3 Keys to Setting Motivating Goals – For People Who Lost Trust in Goal Setting

Each year I go through the cycle of setting goals. I achieve some, I fall short of some and mysteriously ignore some of my goals. However, having the habit of setting goals frequently, over time I got better and better at achieving more of them.

It’s a sinking feeling when you go over your goals and realize that you haven’t achieved a lot of them. On the other hand, nothing makes you feel more confident and motivated than achieving your goals.

Does any of this resonate with you?

Each year, when doing my end-year review, I try to figure out why I failed to achieve some goals and why I easily achieved others. I’ve tried to summarize 3 important keys to set goals in a way that I will actually achieve them and that will motivate me to achieve more.

The goals that I achieved were those that genuinely inspired me, which are not just achievable but also slightly ambitious, and limited to a short time frame of under a month. Achieving these goals motivated me to set new and more ambitious goals, which led me to achieve even more. 
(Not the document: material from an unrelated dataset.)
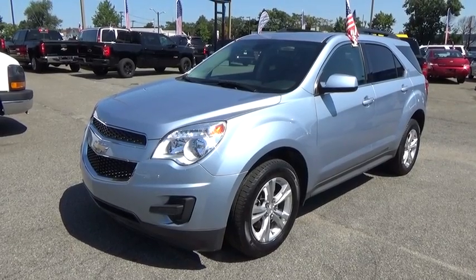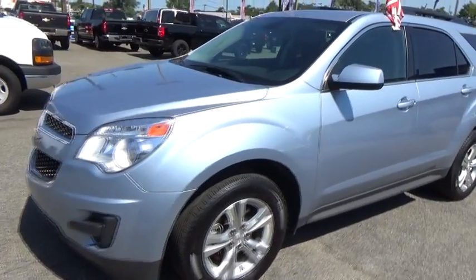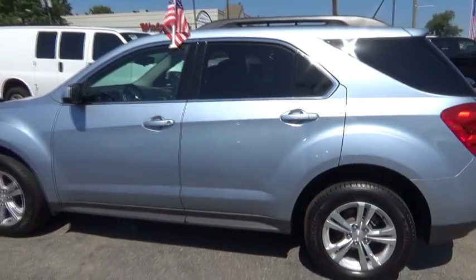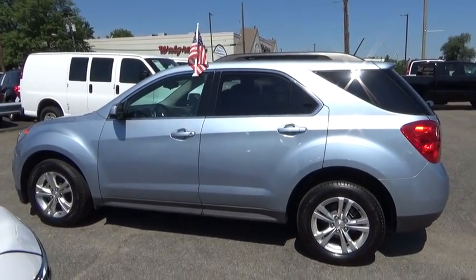The 2014 Chevrolet Equinox. Fuel efficiency, safety, and value equals the Chevy Equinox. This vehicle has less than 25,000 miles.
The ability to set effective goals is life-changing. If we repeatedly set ‘bad’ goals, meaning that they are poorly defined, we tend to not achieve them.

This makes us lose trust in ourselves. It makes us doubt that setting goals is of any use.

If you apply these 3 keys when setting goals, you’ll notice that you’ll achieve more and more of your goals over time.

What about SMART Goals?

When talking about self-improvement, people tend to get caught up in debate about what the best method is.

Is there such a thing as the best method?

Since self-improvement is not a science, I believe that there are many different ways that can be suitable to a different extent for different people.

There are tons of methods that all have their advantages and shortcomings. Rather than to pick one method, it is important to experiment for yourself and use a combination of whatever works for you.

If it works, then it works.

And that is also my opinion on SMART goals. Of course the concept is useful. Effective goals are indeed specific, measurable, achievable, realistic, and time-based.

What I am trying to add here is how to tweak goals in a way that is motivating. Try it out and see for yourself if it works for you or not.

3 Key Qualities to Set Motivating Goals

1. Inspiring goals

A goal that you’ll likely achieve is one that inspires you. That gets you excited and motivated when you think about achieving it.

But then there is also such a thing as a demotivating goal. 

Motivating vs. Demotivating Goals

I’ve recently thought about the relationship between motivation and goals. On one hand, motivation helps you in achieving goals (besides pure discipline which is underrated). On the other hand, you can also set your goals in such a way that motivates you.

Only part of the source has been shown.